Comme le choléra, la pandémie de Covid-19 est le révélateur d’une faillite des démocraties européennes face aux risques globaux. Pourtant, certains pays montrent l’exemple.
Dans Le Hussard sur le toit, qui reste sans doute son plus beau livre, Jean Giono raconte les aventures du colonel de hussard italien Angelo Pardi qui, après avoir tué un officier autrichien, part à la recherche de son ami Giuseppe dans une Provence ravagée par le choléra. Il la parcourt aux côtés de Pauline de Théus, rencontrée sur les toits de Manosque, qu’il réussira à sauver in extremis de la maladie.
« Le choléra est un révélateur, disait Giono, un réacteur chimique qui met à nu les tempéraments les plus vils ou les plus nobles. » Il en va de même du coronavirus. Il éclaire en chacun de nous ce qu’il peut y avoir de plus médiocre et de plus grand, notamment chez ceux qui se dévouent à soigner les autres au cœur de la pandémie. Il souligne aussi les failles de nos sociétés et du système mondial, qu’il s’agisse du capitalisme dérégulé, de la polarisation des nations, de l’atomisation des individus ou de la manière dont les démocraties, toutes à leurs impuissances et à leur repli, ont laissé les démocratures prendre l’avantage au plan géopolitique, placer sous contrôle nombre d’institutions – à commencer par l’OMS – et commencer à reconfigurer l’âge de l’histoire universelle au service de leurs principes liberticides.

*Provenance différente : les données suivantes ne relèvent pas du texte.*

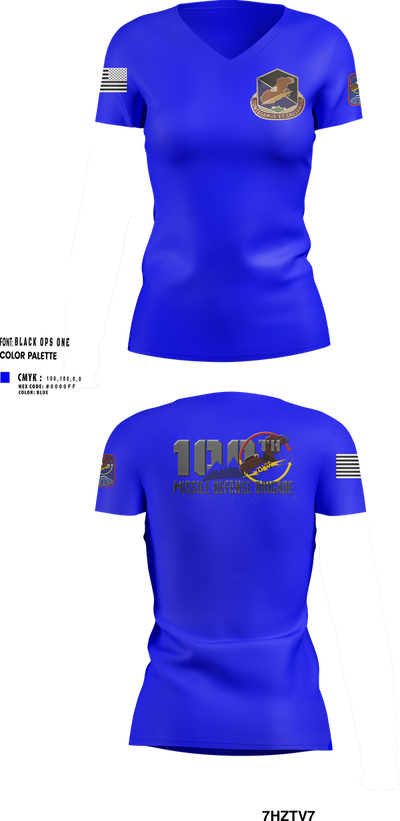 100th Missile Defense Brigade 43971287 Women's Short Sleeve V-neck Shirt - 103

Ces exemples qu’il fallait suivre
Les alertes du krach de 2008 et de la vague d’attentats islamistes n’ont pas été entendues. Nous n’avons pas le droit d’ignorer cette crise sanitaire, qui constitue une forme d’ultime avertissement. Il ne suffit plus de dire que rien ne sera plus comme avant. Il faut en tirer toutes les conséquences. Sur la constitution d’un nouveau pacte économique et social. Sur le renforcement de l’État de droit. Sur le réinvestissement dans la sécurité intérieure et extérieur. Sur le réengagement des citoyens dans la vie de la cité et la réaffirmation de leur communauté de destin.

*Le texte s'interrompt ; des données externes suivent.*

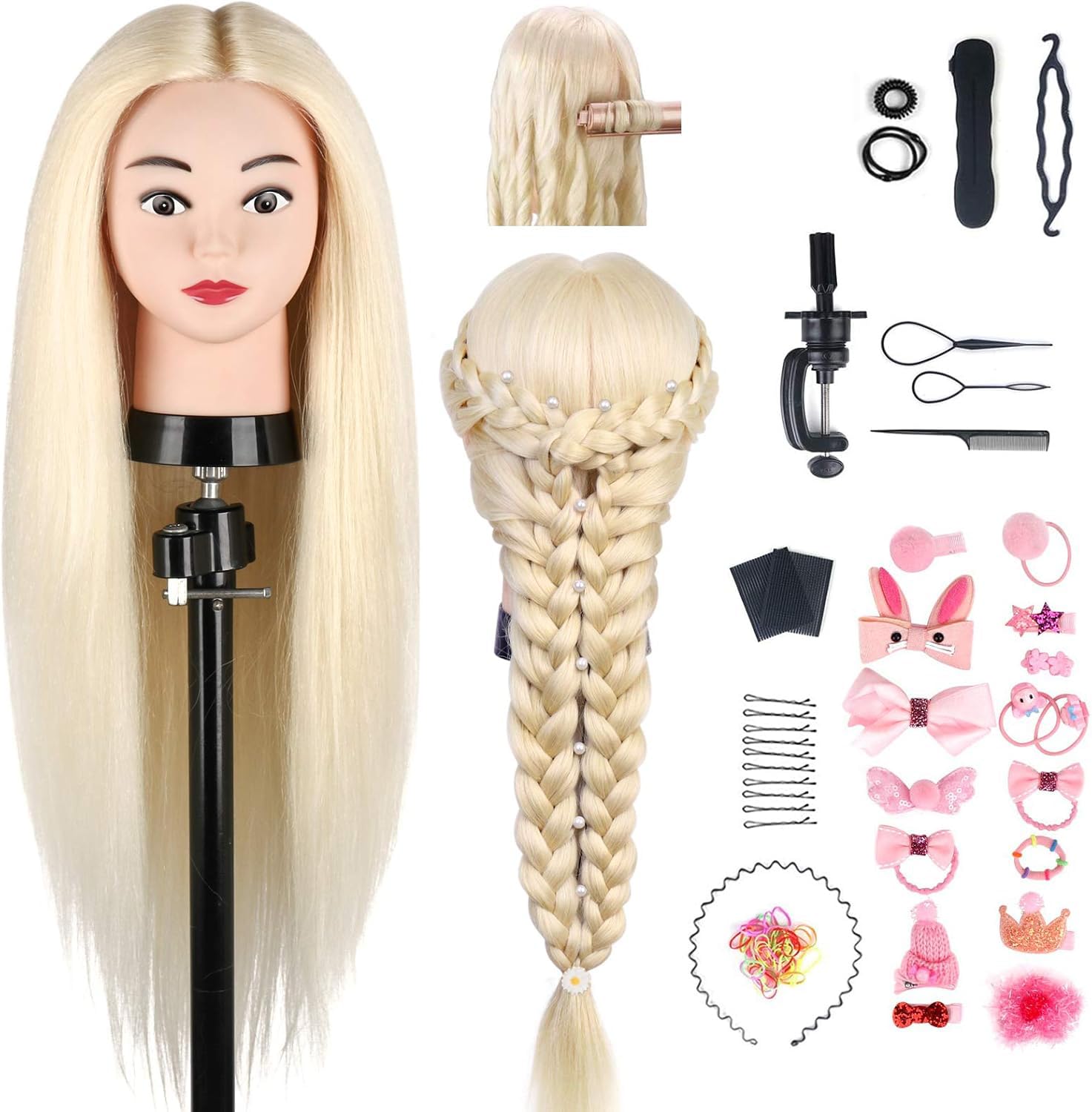 TwoWin Hairdressing Training Head, 24 Inch 80% Real Hair Manikin Cosmetology Doll Head Mannequin Hair Styling with Clamp Stand and Accessories, Blonde, Suitable for Straightening, Curling, Perming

Comme lors de chaque grand choc, les marchands de peur et les démagogues ne manqueront pas de prospérer, expliquant que la solution passe par l’autoritarisme et le repli à l’intérieur des frontières nationales. La vérité est tout autre : il n’y a pas de liberté sans sécurité, mais il n’y a pas davantage de sécurité sans liberté. Pour nous en convaincre, ne rééditons pas nos erreurs et observons les pays qui ont le mieux réagi à la pandémie de coronavirus.
Ce n’est certes pas la Chine qui porte la responsabilité principale pour avoir tenté par tous les moyens de la cacher durant près de deux mois. Ce n’est certes par l’Iran, où la maladie flambe. Ce ne sont pas la Russie ou la Turquie, qui cultivent le déni. Ce sont le Japon, la Corée du Sud ou Taïwan. Ils témoignent qu’il est possible de faire face à cette pandémie comme aux risques globaux du XXIe siècle tout en respectant l’État de droit à trois conditions : une capacité élevée d’anticipation et de réaction des pouvoirs publics ; une excellente qualité des infrastructures et un très fort investissement dans la recherche et les technologies ; la force du sentiment national et des valeurs collectives.
Dès que se profilera la sortie de crise, l’Europe devra tirer les leçons de la remarquable gestion de la crise par ces démocraties d’Asie qui constituent par ailleurs des alliés précieux dans la défense de la liberté face à la poussée des démocratures.